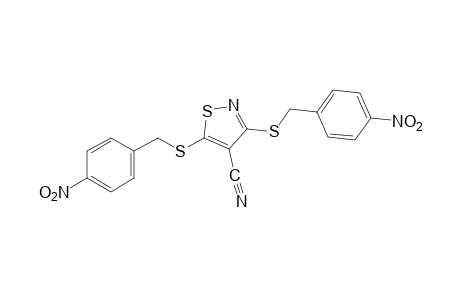 3,5-bis[(p-nitrobenzyl)thio]-4-isothiazolecarbonitrile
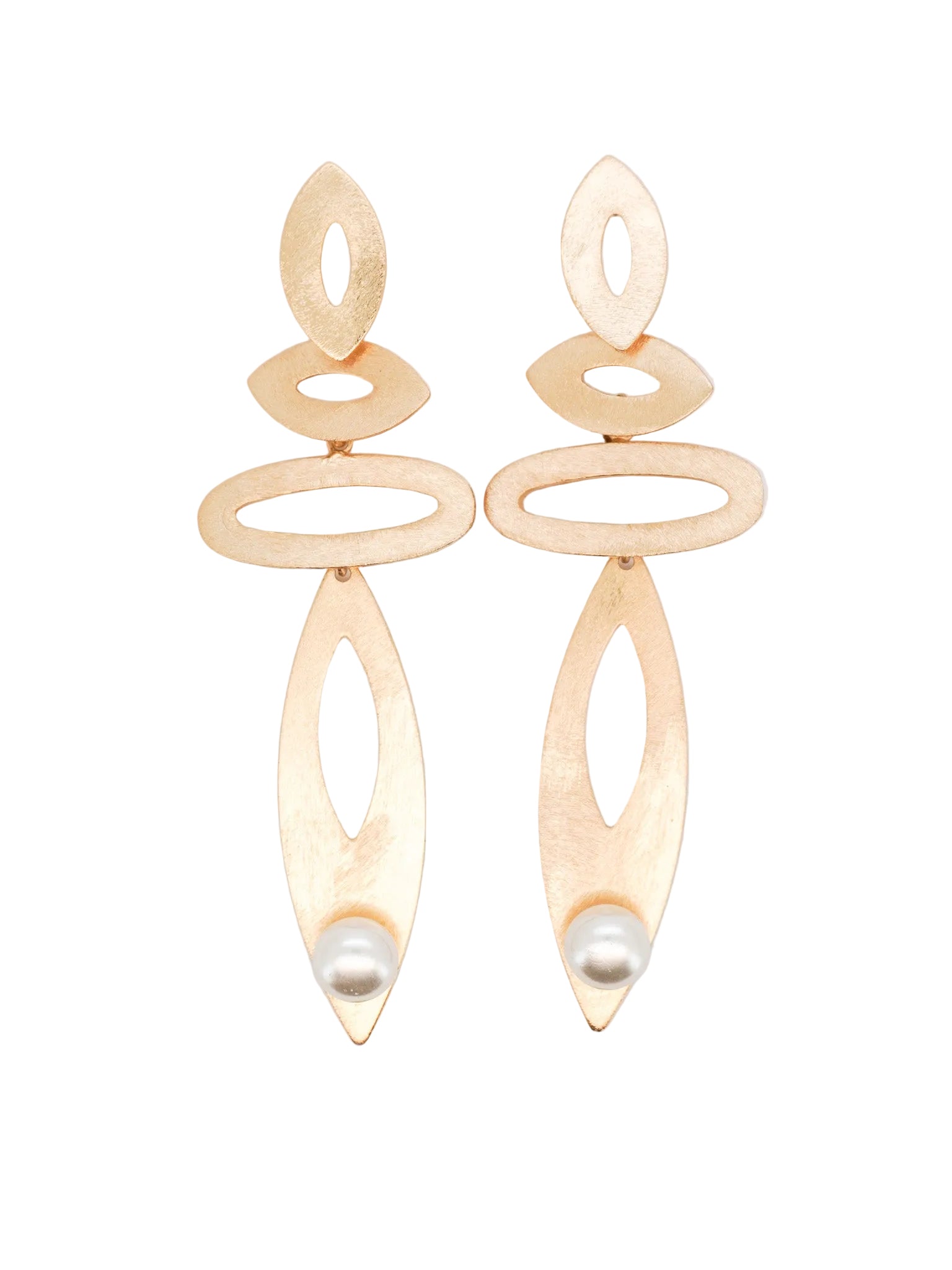 Petal and Pearl Earrings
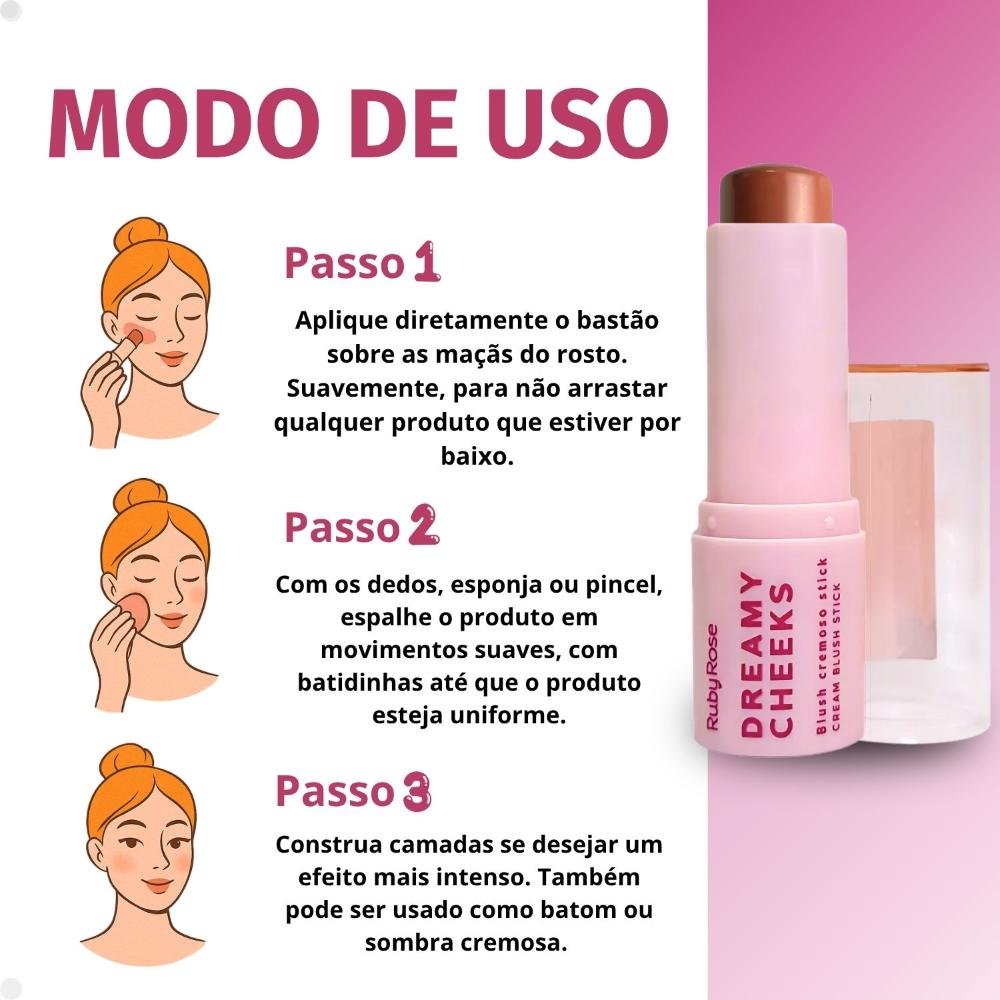 Blush Stick Ruby Rose Dreamy Cheeks Caramel Touch HB-M01-1 6,57g Caramel Touch 4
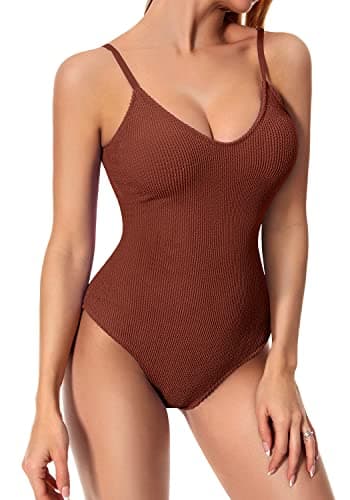 Angerella Women's Tummy Control High Waisted Swimsuit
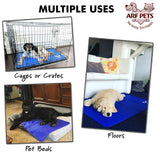 Arf Pets Dog Cooling Mat 35” x 55” Pad for Kennels, Crates & Beds, Non-Toxic, Solid Self Cooling Gel .No Fridge or Electricity Needed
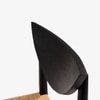 Saanra Solid Wood Dining Chair in Black Colour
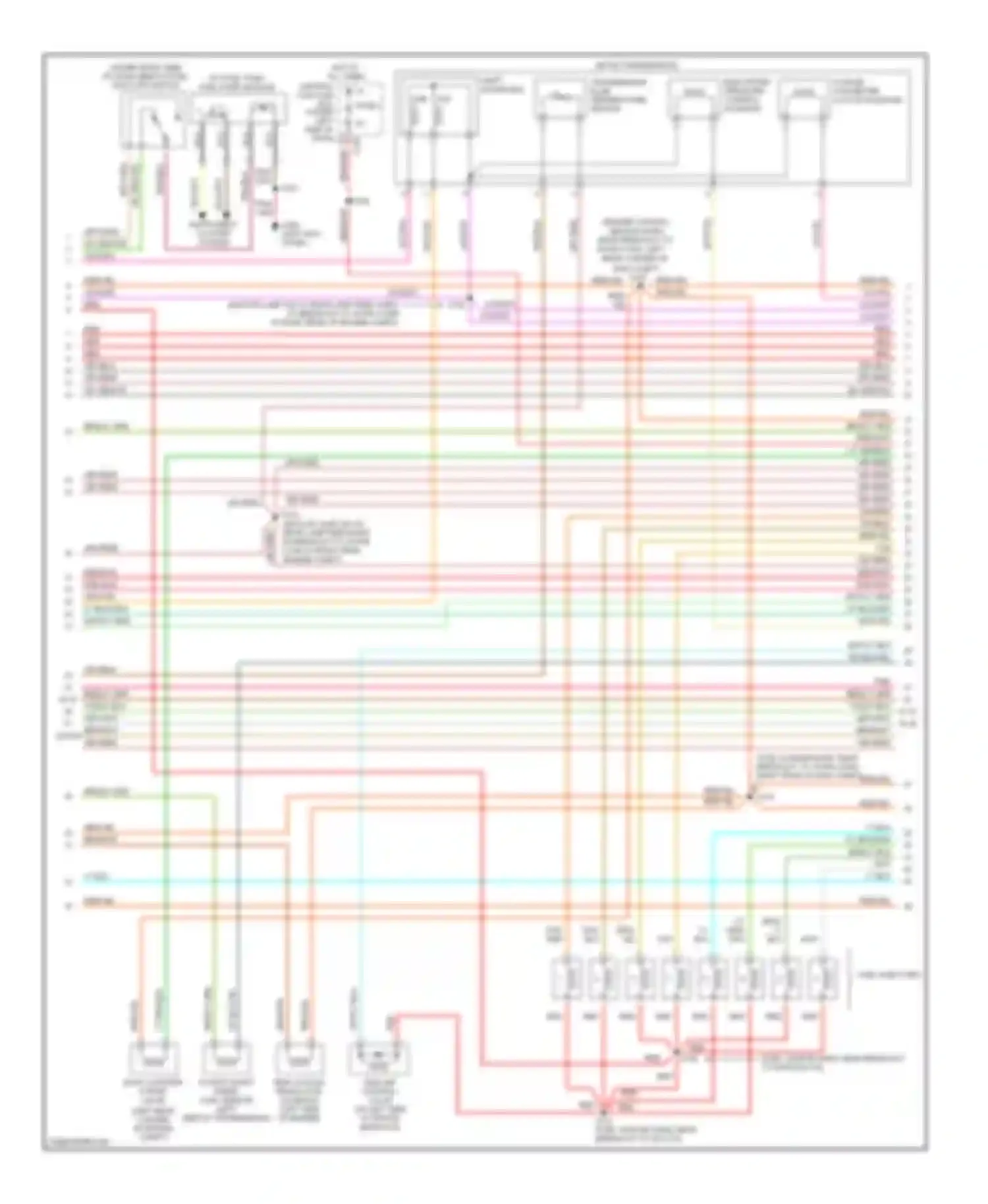 Pickup F250 Ford  (1996-1999): Wiring diagram engine performance 4.6ls (3 of 4)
□ □ □ □ □
Print the entire listing above verbatim. No picture should be included.

**Answer area:**
 3,5-bis[(p-nitrobenzyl)thio]-4-isothiazolecarbonitrile
 Petal and Pearl Earrings
 Blush Stick Ruby Rose Dreamy Cheeks Caramel Touch HB-M01-1 6,57g Caramel Touch 4
 Angerella Women's Tummy Control High Waisted Swimsuit
 Arf Pets Dog Cooling Mat 35” x 55” Pad for Kennels, Crates & Beds, Non-Toxic, Solid Self Cooling Gel .No Fridge or Electricity Needed
 Saanra Solid Wood Dining Chair in Black Colour
 Pickup F250 Ford  (1996-1999): Wiring diagram engine performance 4.6ls (3 of 4)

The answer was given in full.